MR MOORE: Mr Speaker, I ask for leave to present a petition which does not conform with standing orders as it does not address the Assembly nor contain a request. I also seek leave to say a couple of words on that petition.
MR MOORE: I present an out-of-order petition from 80 residents concerning education funding. In this case, the petition is from a number of students at Hughes Primary School, who are petitioning on behalf of their teachers, seeking a fair pay rise for their teachers. The students consider that the present situation is not fair. One of the reasons why it is out of order is that the wording is clearly in the hand of primary school students. It gives me great pleasure to table this petition, because it shows a genuine recognition of what the students want and means that the students themselves are involved in a small way in a political process. I think the education of our children is enhanced when they are involved in the political process in a sensible way.
MS FOLLETT (Leader of the Opposition) (10.34): Mr Speaker, I present the Fair Trading (Amendment) Bill 1996.
Title read by Clerk.
MS FOLLETT: I move:
That this Bill be agreed to in principle.

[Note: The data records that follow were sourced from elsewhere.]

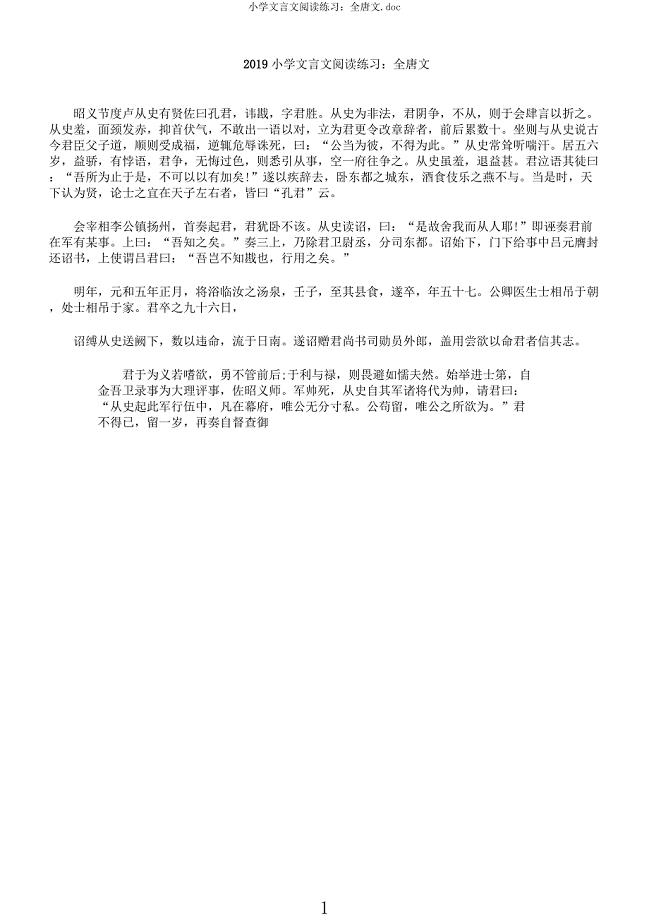 小学文言文阅读练习全唐文.docx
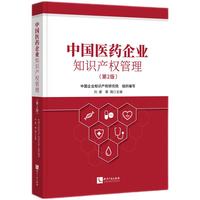 中国医药企业知识产权管理（第2版）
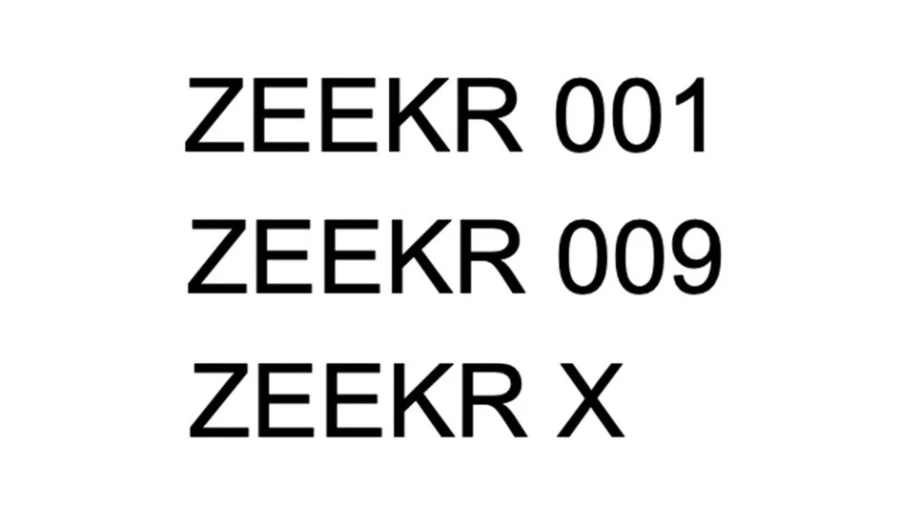 Geely зарегистрировал в России названия трех моделей Zeekr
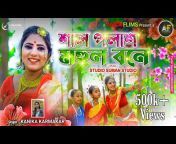 Anita Film&#39;s Purulia Bangla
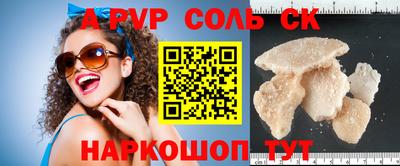 COCAINE Кимры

This Bill aims to protect the privacy of smart card databases by making it an offence to disclose the data compiled on individual spending patterns in any way that would identify the consumer without that person's consent. Smart cards may soon revolutionise the way that we pay for things. Instead of carrying cash or credit cards, we will pay for things with smart cards. These are plastic cards which contain computer chips encoded with electronic cash. They are often referred to as "stored value cards". In fact, the Government in Singapore hopes to have a cashless society in place by the turn of the century. Much closer to home, MasterCard, I believe, are proposing a major trial of the technology in Canberra; in fact, in Belconnen, early this year.
I am very concerned that we do not yet know the terms and conditions of that trial and that there is as yet no code of practice governing the use of smart cards. It does seem that the EFT code of practice does not apply to smart cards. I am also concerned that the consumer representatives appear to have been locked out of the decision-making on this new technology. I believe that, before we plunge into this brave new world, we should carefully consider the implications of this new technology. What are the possible drawbacks to smart cards? In consultation with consumer representatives, I have been advised that there are considerable drawbacks for low income earners in our community.